"Murray Leinster - The Wailing Asteroid" - читать интересную книгу автора (Leinster Murray)

answer would have been that somebody, somewhere, had put a satellite out into an
orbit requiring twenty-four hours for a circuit of the earth, instead of the
ninety to one-hundred-twenty-four-minute orbits of the satellites known to sweep
around the world from west to east and pole to pole. But the piping, musical
sounds were not the sort of thing that modern physicists would have contrived to
carry information about cosmic-particle frequency, space temperature,
micrometeorites, and the like.
The signals stopped again, and again resumed. The staff man was galvanized into
activity. He rushed to waken other members of the outpost. When he got back, the
signals continued for a minute and stopped altogether. But they were recorded on
tape, with the instrument readings that had been made during their duration. The
staff man played the tape back for his companions.
They felt as he did. These were signals from space where man had never been.

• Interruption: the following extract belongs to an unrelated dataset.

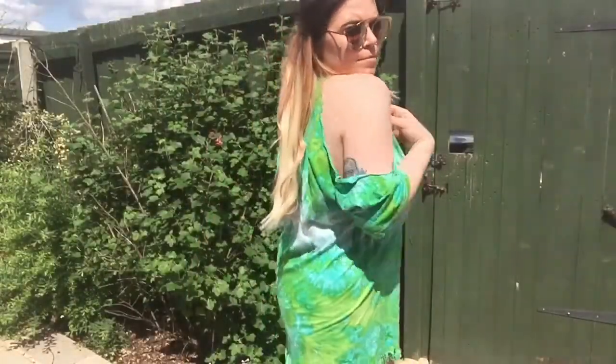Hi guys, so today I thought I would show you some quick ways to cut up shirts to make them more fashionable. These are really easy — all you need is a good pair of scissors or fabric scissors and some old t-shirts, any color, any style, any size. And away we go.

They had listened to the first message ever to reach mankind from the
illimitable emptiness between the stars and planets. Man was not alone. Man was
no longer isolated. Man...
The staff of the tracking station was very much upset. Most of the men were
white-faced by the time the taped message had been re-played through to its end.
They were frightened.
Considering everything, they had every reason to be.
The second pick-up was in Darjeeling, in northern India. The Indian government
was then passing through one of its periods of enthusiastic interest in science.
It had set up a satellite-observation post in a former British cavalry stable on
the outskirts of the town. The acting head of the observing staff happened to
hear the second broadcast to reach Earth. It arrived some seventy-nine minutes
after the first reception, and it was picked up by two stations, Kalua and
Darjeeling.
The Darjeeling observer was incredulous at what he heard--five repetitions of
the same sequence of flute-like notes. After each pause--when it seemed that the
signals had stopped before they actually did so--the reception was exactly the
same as the one before. It was inconceivable that such a succession of sounds,
lasting a full minute, could be exactly repeated by any natural chain of events.
Five repetitions were out of the question. The notes were signals. They were a
communication which was repeated to be sure it was received.
The third broadcast was heard in Lebanon in addition to Kalua and Darjeeling.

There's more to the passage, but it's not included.